NO one would loan something for that price, especially not if there isn't even something like a service where you can get a new one when your current console breaks.

JDKJ:
Talk about assuming the rest of us have no understanding of the situation. I was told in this very thread that, "if you paid attention, what they did is hack the hardware to allow their software to run. They didn't hack Sony code, they didn't steal anything. They broke a hardware lock on the software (in the form of an encryption chip). I don't think you understand what they did, you just hear "broke the protection" as if they are spoofing some software monitor like Punkbuster." As if I don't have the reading comprehension skills of a fifth-grader. Or the common sense of a cinder block. Is it possible to be any more insulting of my intelligence? I don't think so.

Did I mention theft of code in my reply? I don't believe I did.. Project much? What I was talking about was the running of hackers code. What's being threatened now (besides piracy which I never even touched on), is the OTHER services that those of us who are using the platform for its intended purpose are being screwwed over for. The Trophies system is under attack now thanks to all that user-made code that you're defending. What's next, the rest of the PSN?

When all this kind of crap happens, who gets CONSTANTLY SCREWWED in the end? The users who actually remain legitimate. The PSP platform is a glowwing example. Not only did we get screwwed out of advanced PSN features, but we also got a highly enemic line of software support because most developers figured there was no money to be made on the platform. Regardless of most people's views on the PSP platform, it's hard to argue against the idea that the software lineup would have been better had the hacking not taken place.

Andy Powell:

JDKJ:
Talk about assuming the rest of us have no understanding of the situation. I was told in this very thread that, "if you paid attention, what they did is hack the hardware to allow their software to run. They didn't hack Sony code, they didn't steal anything. They broke a hardware lock on the software (in the form of an encryption chip). I don't think you understand what they did, you just hear "broke the protection" as if they are spoofing some software monitor like Punkbuster." As if I don't have the reading comprehension skills of a fifth-grader. Or the common sense of a cinder block. Is it possible to be any more insulting of my intelligence? I don't think so.

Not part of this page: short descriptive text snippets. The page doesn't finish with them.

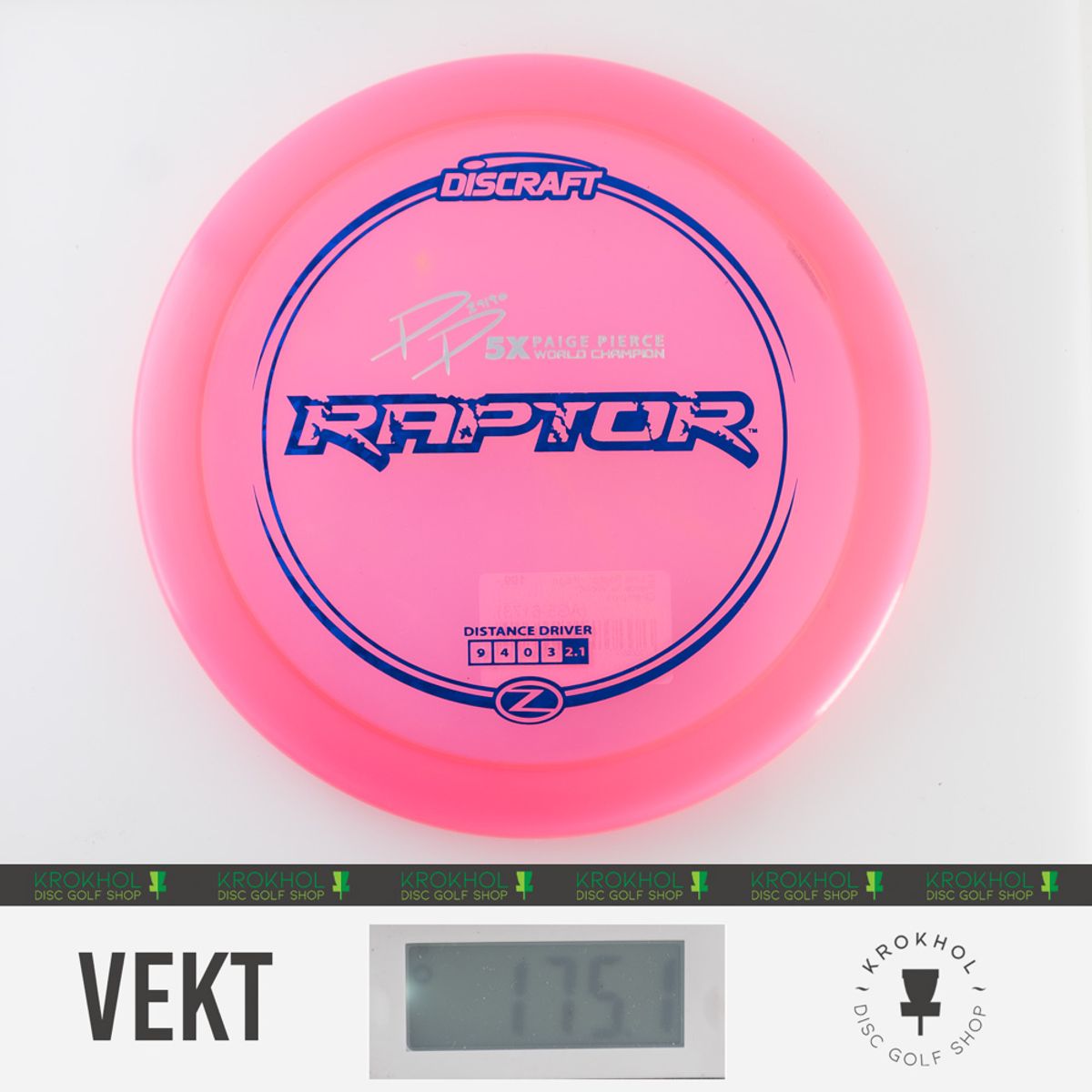 Z Line Raptor - Paige Pierce 5x World Champion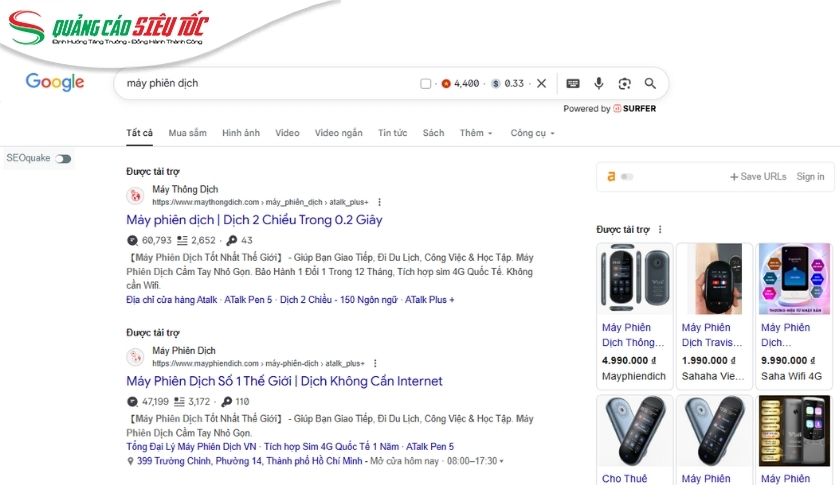 Trình bày nổi bật để quảng cáo thu hút hơn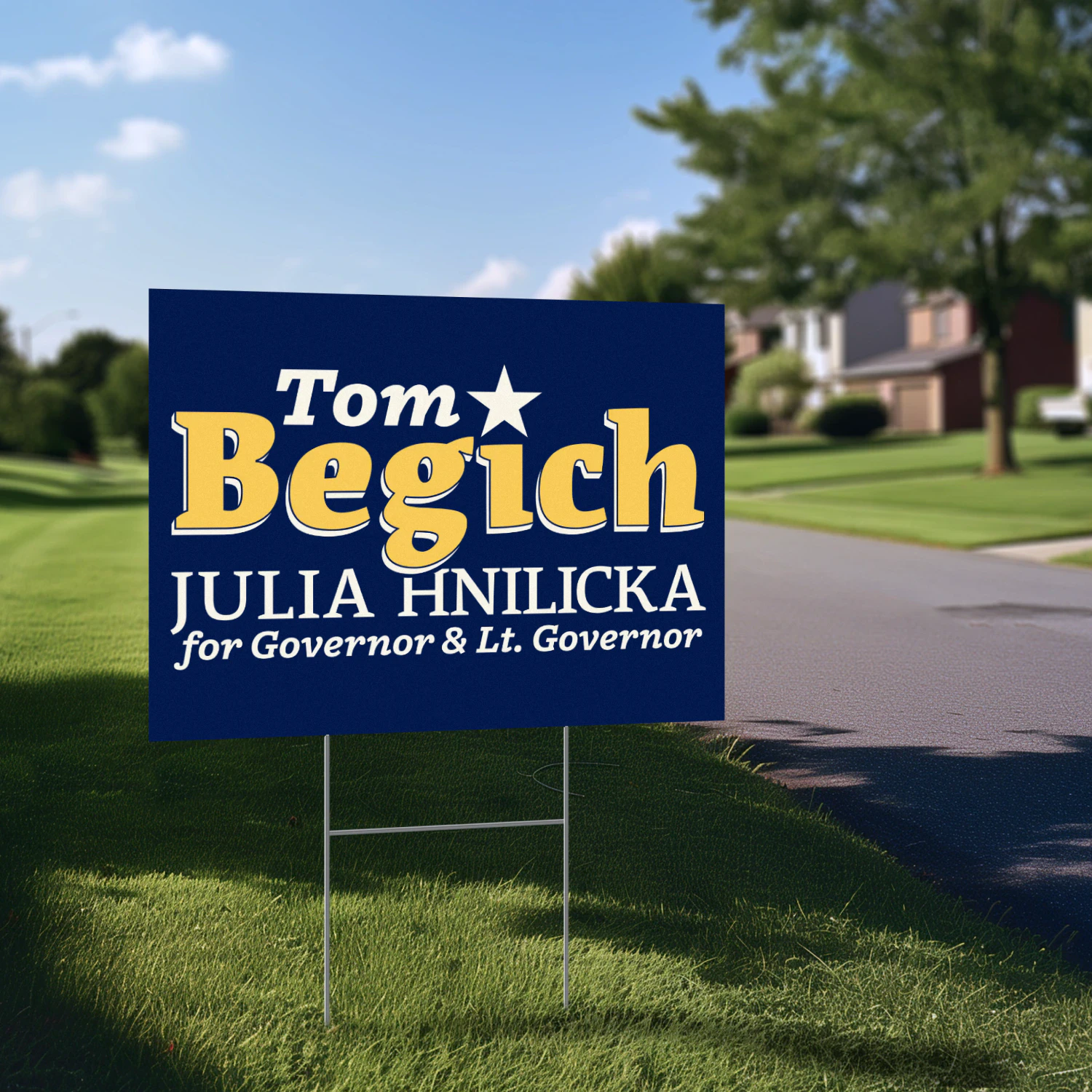 Tom Begich For Governor Yard Sign – Alaska 2026 Campaign, Primary Results & General Election Support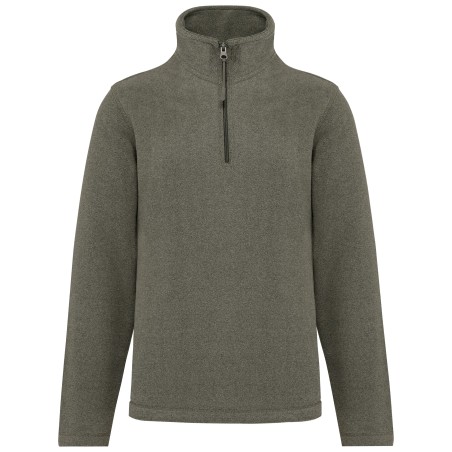 Enzo  Zip neck microfleece jacket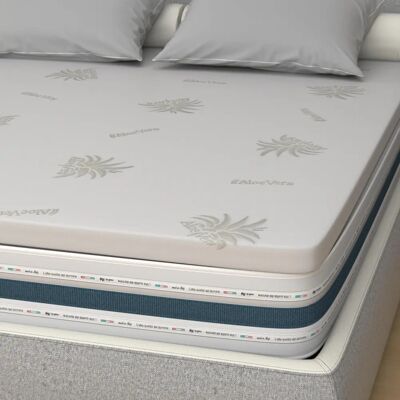 MiaSuite Matelas en Mousse à Mémoire - Housse Aloe Vera - 3cm - Orthopédique - Publicité MiaSuite Matelas en Mousse à Mémoire - Housse Aloe Vera - 3cm - Orthopédique - Publicité
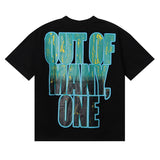 Godspeed t Shirts Racing Sunset Print Cotton Crew Neck Short Sleeve Men and Women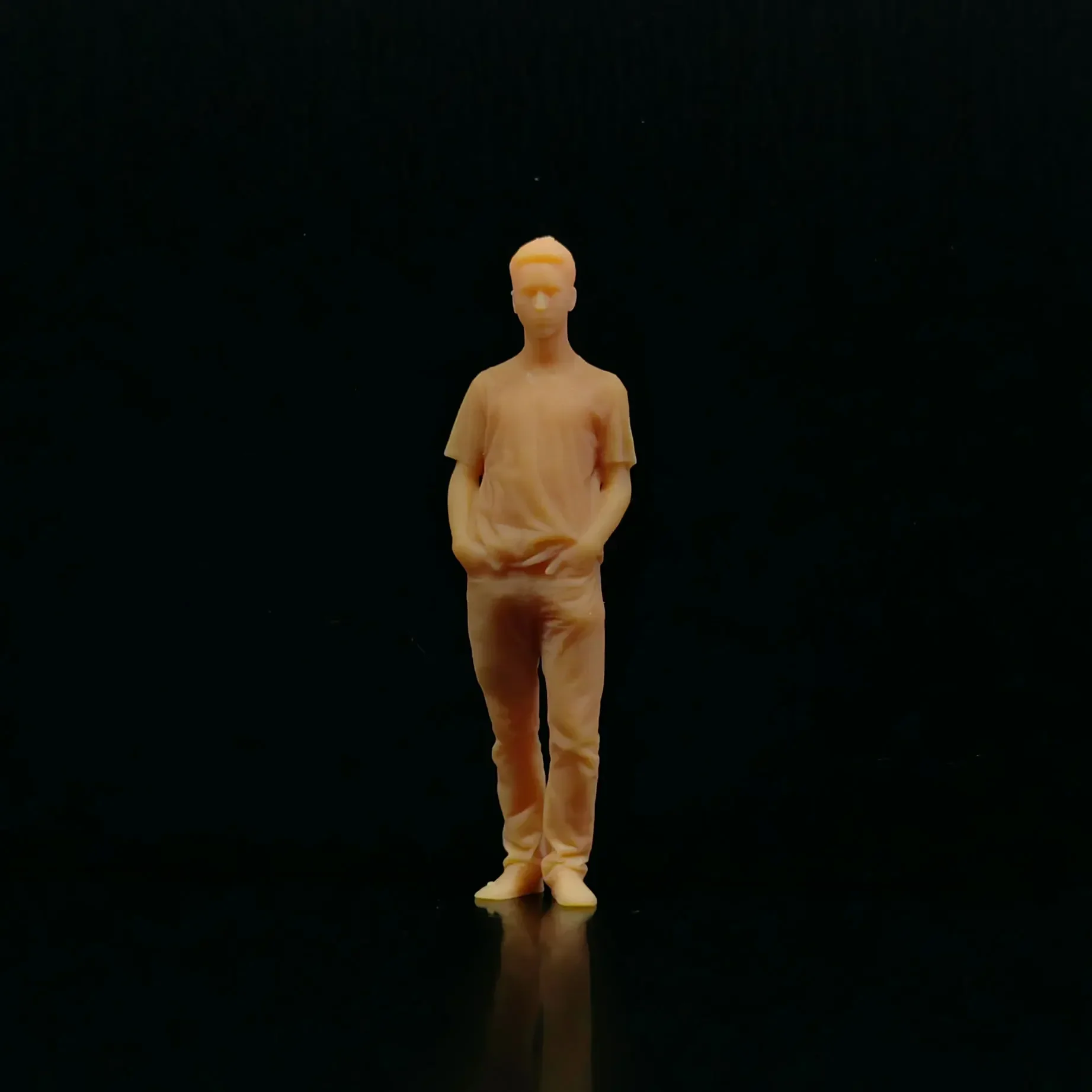 1/64 1/43 Schaalmodel Hars Handen In Pocket Man Ongekleurde Miniatuur Diorama Handgeschilderde T430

Did I mention theft of code in my reply? I don't believe I did.. Project much? What I was talking about was the running of hackers code. What's being threatened now (besides piracy which I never even touched on), is the OTHER services that those of us who are using the platform for its intended purpose are being screwwed over for. The Trophies system is under attack now thanks to all that user-made code that you're defending. What's next, the rest of the PSN?

When all this kind of crap happens, who gets CONSTANTLY SCREWWED in the end? The users who actually remain legitimate. The PSP platform is a glowwing example. Not only did we get screwwed out of advanced PSN features, but we also got a highly enemic line of software support because most developers figured there was no money to be made on the platform. Regardless of most people's views on the PSP platform, it's hard to argue against the idea that the software lineup would have been better had the hacking not taken place.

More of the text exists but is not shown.